• [Task instructions] Copy out the data below as written; omit any images.
==== Material provided
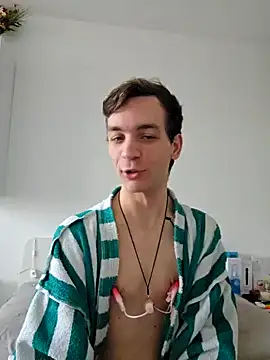 nickdtr online show from 29, 1, 2025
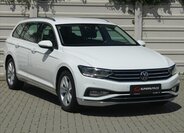 Volkswagen Passat Kombi 2,0 l 110 kw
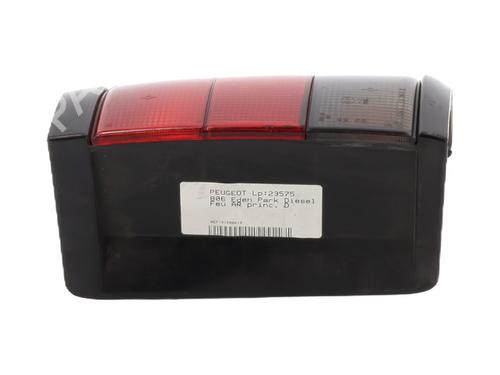 Right taillight PEUGEOT 806 (221) 2.1 td 12V | BP20966335C35 
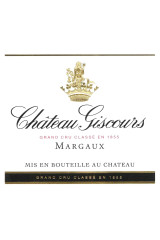 CHÂTEAU GISCOURS 2005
========
• [Problem solution]
 nickdtr online show from 29, 1, 2025
 Volkswagen Passat Kombi 2,0 l 110 kw
 Right taillight PEUGEOT 806 (221) 2.1 td 12V | BP20966335C35 
 CHÂTEAU GISCOURS 2005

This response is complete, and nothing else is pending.